*Aim of the task*. For each entry below, please return its exact wording and leave out any picture.

*Supplied records*.
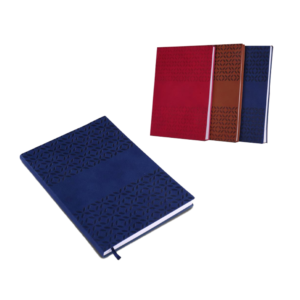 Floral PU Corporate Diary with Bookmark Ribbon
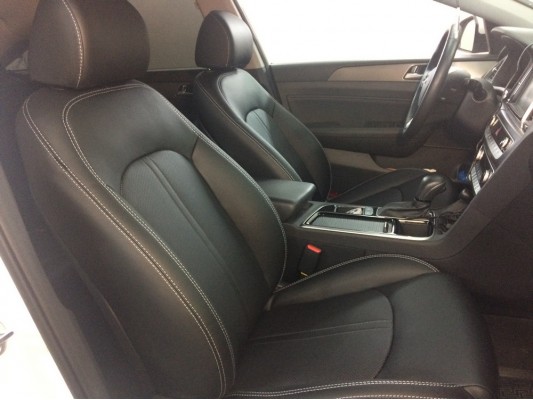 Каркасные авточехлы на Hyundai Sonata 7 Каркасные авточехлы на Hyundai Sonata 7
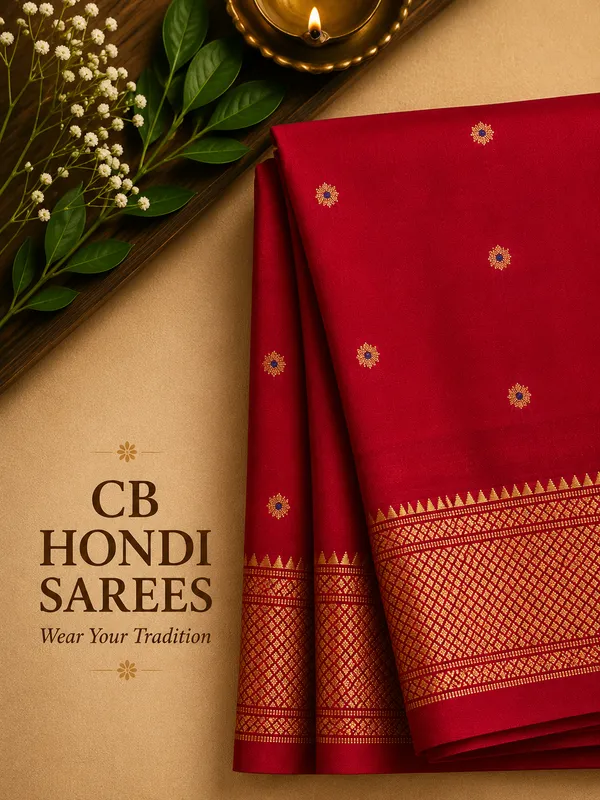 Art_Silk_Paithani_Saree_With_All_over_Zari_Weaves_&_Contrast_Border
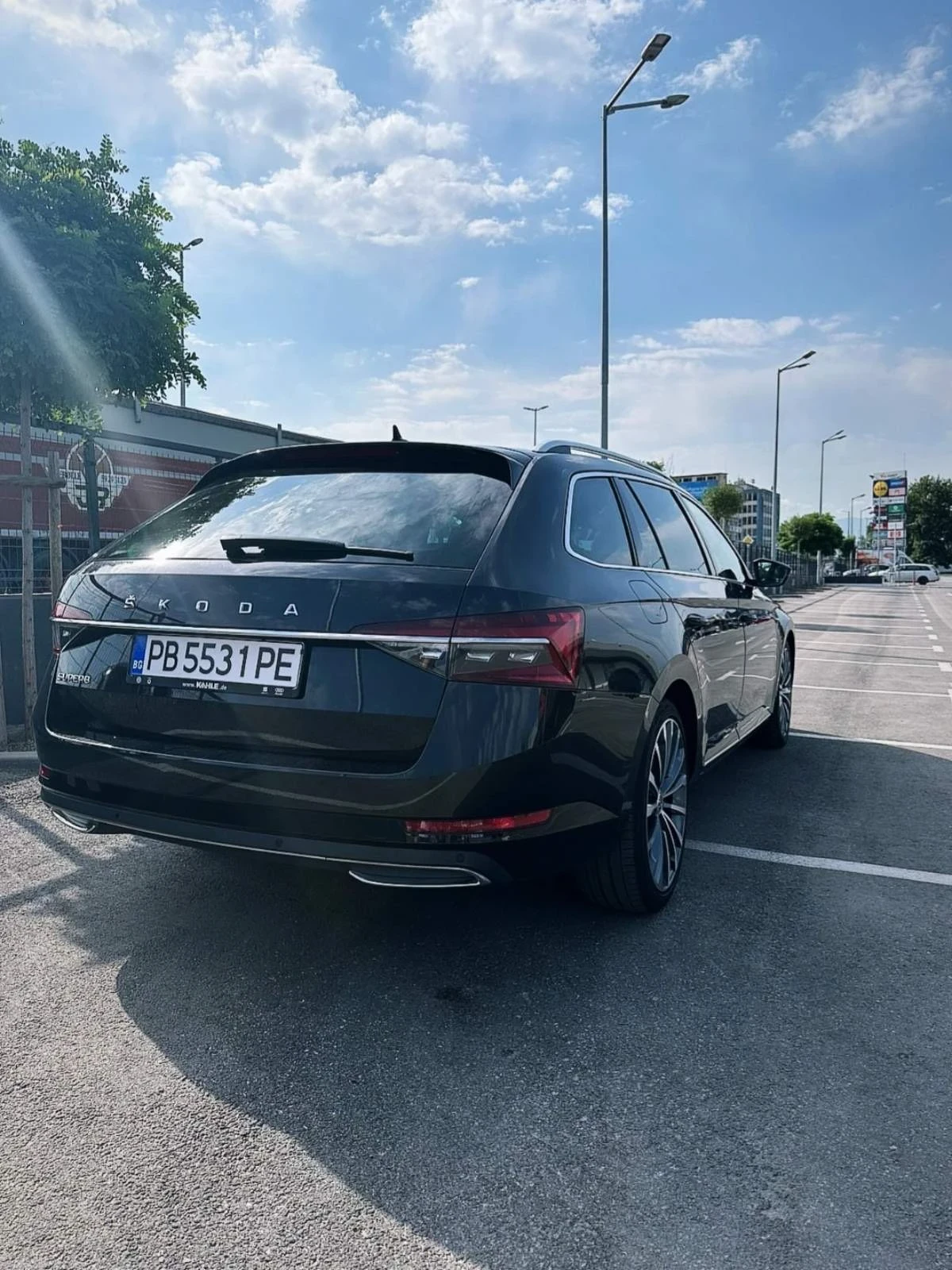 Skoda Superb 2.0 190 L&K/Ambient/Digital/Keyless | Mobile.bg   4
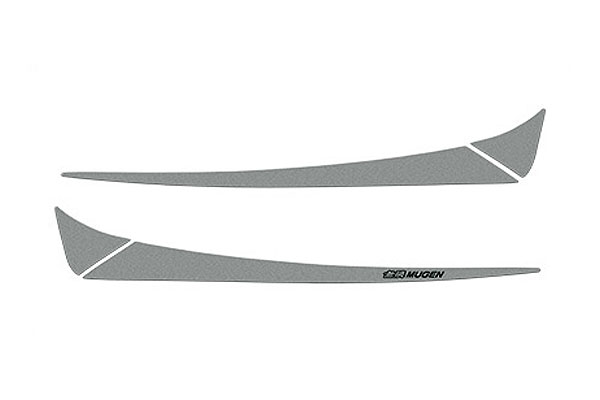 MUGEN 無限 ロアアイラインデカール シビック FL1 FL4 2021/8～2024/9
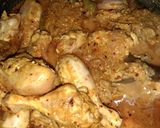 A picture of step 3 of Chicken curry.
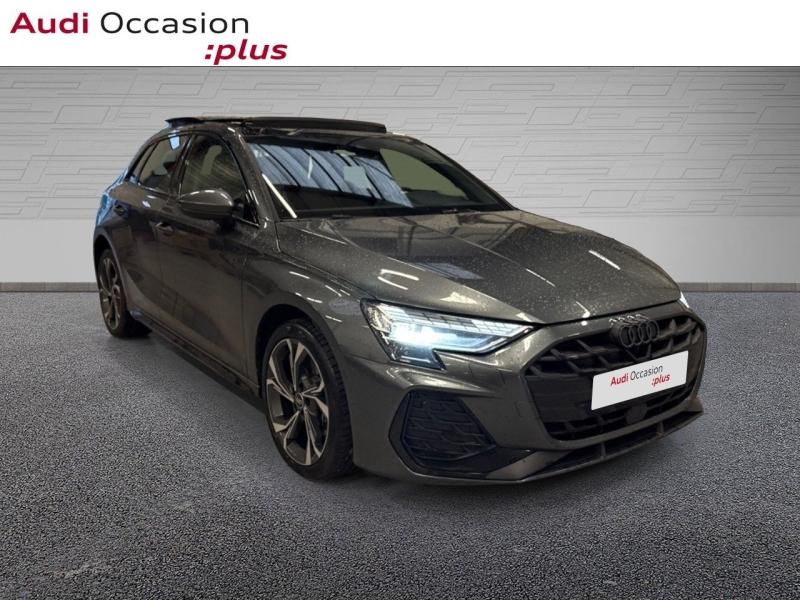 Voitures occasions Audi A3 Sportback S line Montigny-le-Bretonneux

*Task answer*.
 Floral PU Corporate Diary with Bookmark Ribbon
 Каркасные авточехлы на Hyundai Sonata 7 Каркасные авточехлы на Hyundai Sonata 7
 Art_Silk_Paithani_Saree_With_All_over_Zari_Weaves_&_Contrast_Border
 Skoda Superb 2.0 190 L&K/Ambient/Digital/Keyless | Mobile.bg   4
 MUGEN 無限 ロアアイラインデカール シビック FL1 FL4 2021/8～2024/9
 A picture of step 3 of Chicken curry.
 Voitures occasions Audi A3 Sportback S line Montigny-le-Bretonneux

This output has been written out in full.